▶ **What is expected**
Copy nothing but the lines below, from the one with "Традиционные ценности: творческие" through the one with "2403 E 11th Street Austin TX 78702", exactly as written; no pictures should appear.

▶ **Study material**
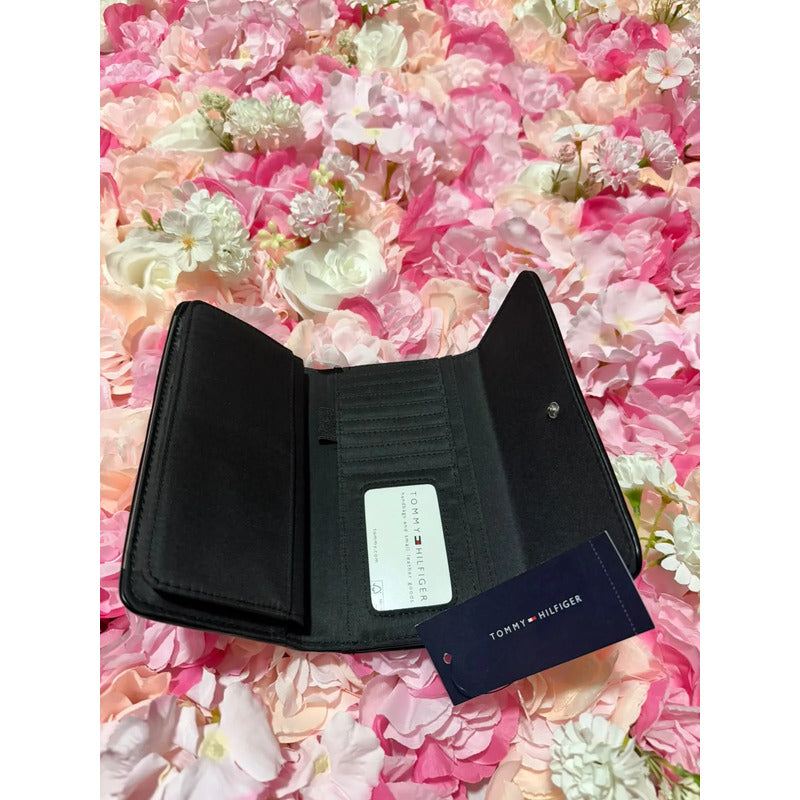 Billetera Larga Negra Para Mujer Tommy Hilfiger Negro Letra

==

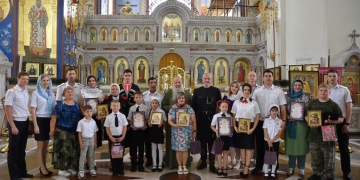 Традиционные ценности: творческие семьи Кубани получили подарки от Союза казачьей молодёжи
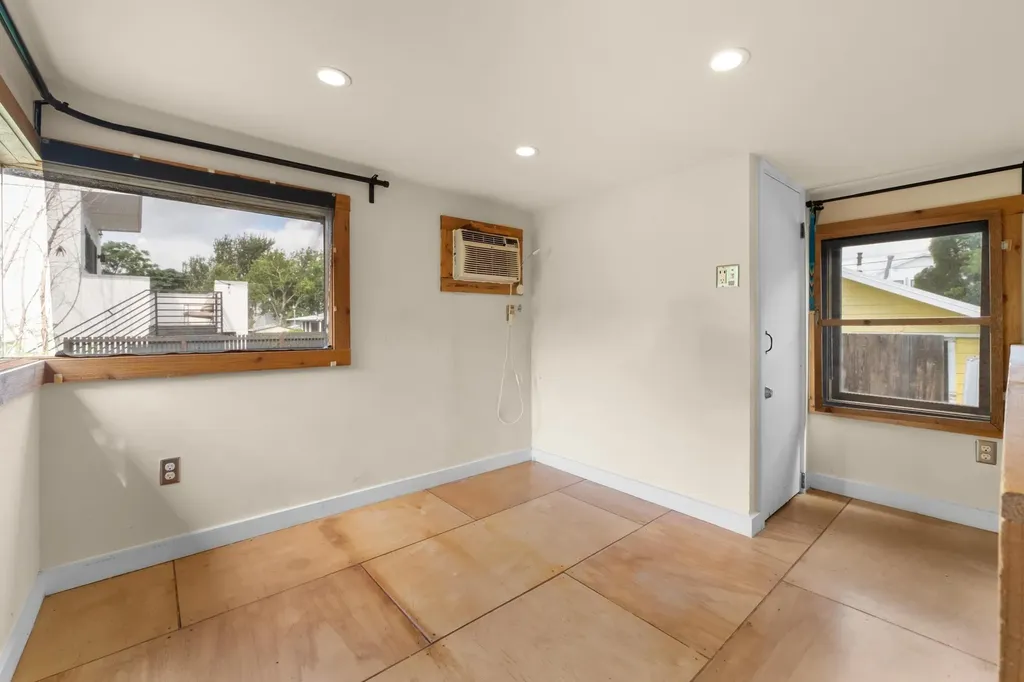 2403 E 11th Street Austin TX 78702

* * *

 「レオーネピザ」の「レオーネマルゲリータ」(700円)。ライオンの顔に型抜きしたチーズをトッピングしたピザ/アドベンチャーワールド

▶ **Output**
 Традиционные ценности: творческие семьи Кубани получили подарки от Союза казачьей молодёжи
 2403 E 11th Street Austin TX 78702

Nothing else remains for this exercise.